Work instruction: Please transcribe the lines below exactly, and leave every image behind.

Information shown:
★ ★ ★
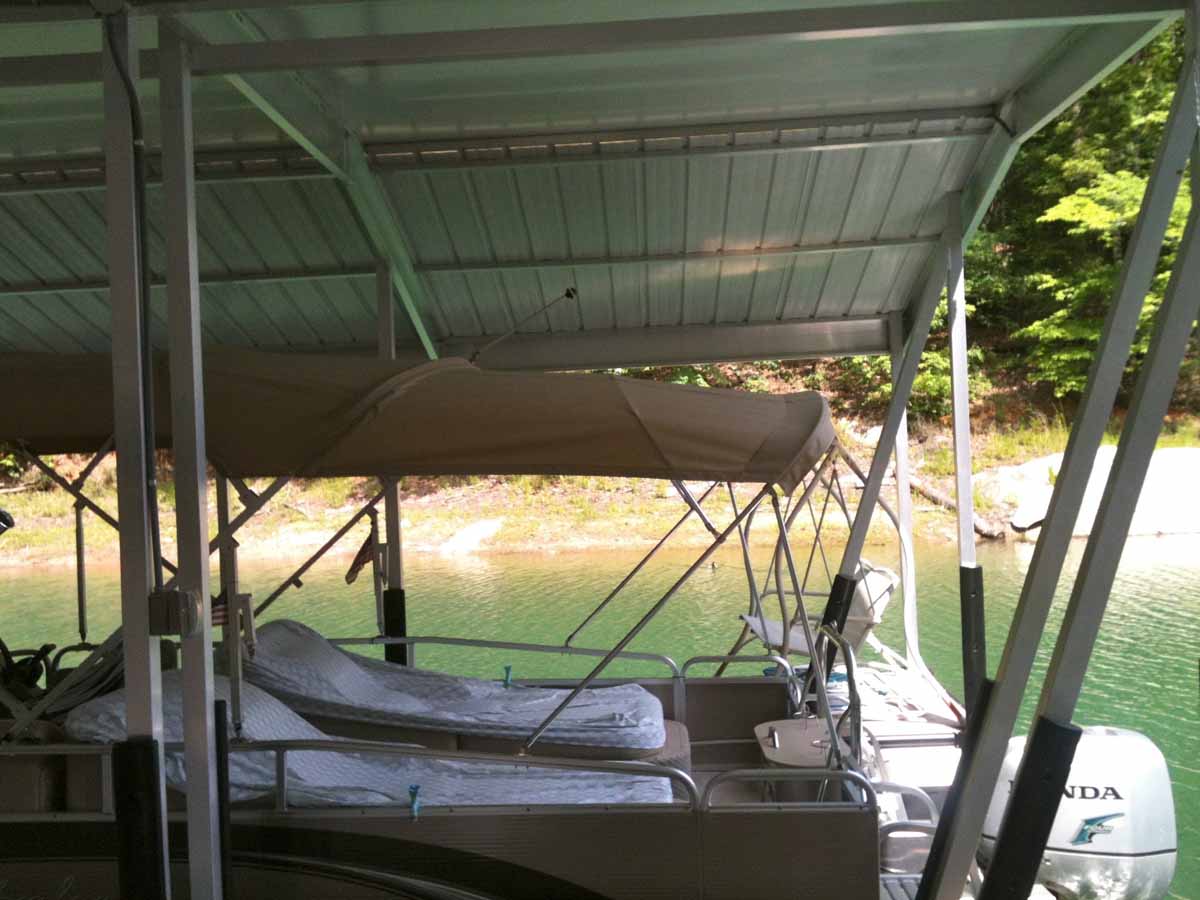 Biminis, Camper Tops & Enclosures 14
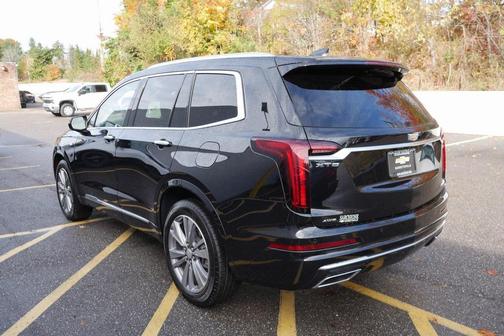 2025 Cadillac XT6 Premium Luxury AWD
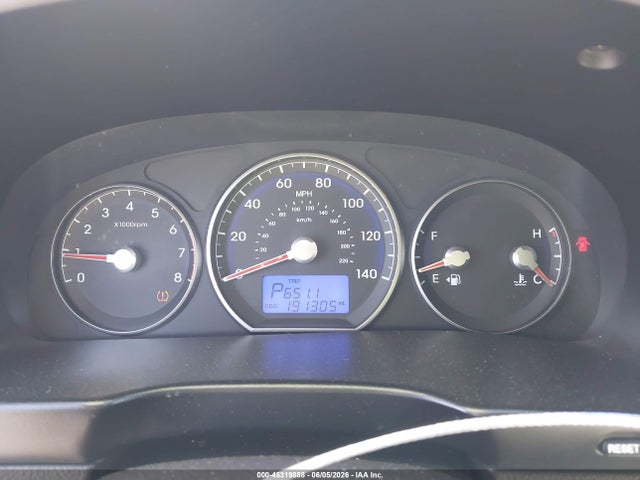 Aukcja sprzedaży 2012 Hyundai Santa Fe Gls, vin: 5XYZGDAB5CG124323, numer aukcji: 45319888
★ ★ ★
Problem solution:
 Biminis, Camper Tops & Enclosures 14
 2025 Cadillac XT6 Premium Luxury AWD
 Aukcja sprzedaży 2012 Hyundai Santa Fe Gls, vin: 5XYZGDAB5CG124323, numer aukcji: 45319888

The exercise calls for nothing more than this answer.